Musings on politics, foreign affairs and culture.

24th
APR

And the Sky is Blue

Posted by Kevin Sullivan under Uncategorized

I’m a little bit perplexed by the way war proponents and war critics are handling the Iranian level of influence in Iraq.  Regarding the Pentagon’s confusion, I think a lot of it stems from the Al Qaeda brand problem.  I blame the administration for this, mostly, but I also blame the “progressive internationalist” community for turning the war on terrorism into a 1930’s crime novel.  In this novel, there is a clear and obvious bad guy named Al Qaeda.  When you catch that bad guy, or bring them to justice, you’ll have vanquished the problem and made the world safer.  It’s just like jaywalkers and shoplifters, except these guys use bombs and RPG’s. 

The problem with this narrative, as I’ve mentioned before, is that it creates these cute little cubby holes for us to place the world’s bad guys in.  So Iran can’t be backing Muqtada al-Sadr, because they’re already tied in with the ISCI/Badr/Da’wa lot.  Let’s ignore the fact that Iran is clearly grooming al-Sadr in Qom for Mujtahid status, and on the fast-track, no less.  It requires both sides–both the Pentagon and the anti-war Left–to assume a monolithic Iranian policy on Iraqi interloping.  So we get stories such as these, where every single example of Iranian influence in the region becomes groundbreaking news, even though Iran has been woven into the nation’s Shi’a community for decades and decades.  Of course Iran has special operatives–similar to their own Basijis–placed strategically in Iraq.  The foundation was probably laid out during the Iran-Iraq War, so yeah, tell us something we didn’t know. 

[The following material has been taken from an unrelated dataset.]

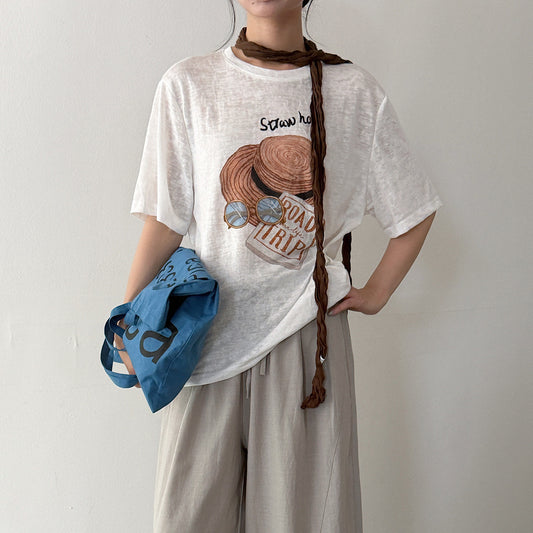 【LD11375】美式復古休閒風😎帽子印花寬鬆短袖天絲T恤+圍脖兩件套260707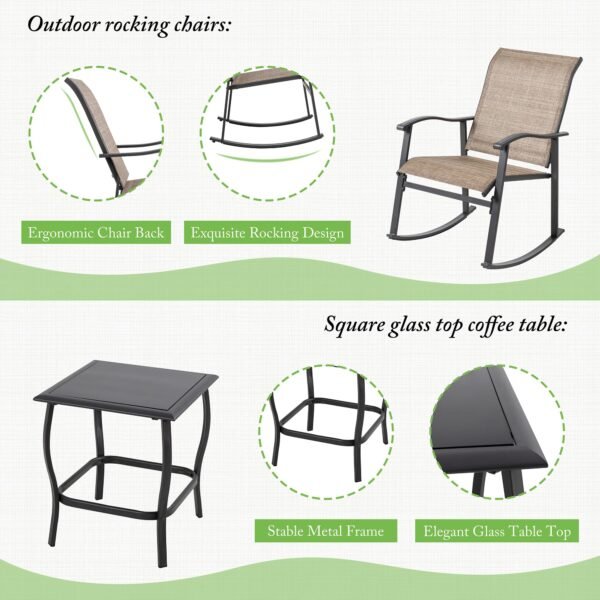 3 Piece Rocking Bistro Set, Outdoor Furniture with Rocker Chairs and Glass Coffee Table Set - Image 4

The direction of the message and the tone coming from the Pentagon is wrongheaded, by my estimation.  Iraq and Iran share a border, they share a culture and they share mutual interests.  We will not sever those relations, nor should we hope to.  What we can do, however, is try to pressure Iran to cull this behavior, and pick a strategy that meets everyone’s security needs.  Call it a devil’s bargain, or whatever, but it could go a long way towards helping us stabilize the country.  Iran does pull Sadr’s strings, and his behavior will ebb and flow with their dictates.  If it doesn’t, well, let’s just say that we can speculate on what might happen to terrorist insurgents who go astray from the Islamic Republic’s leash.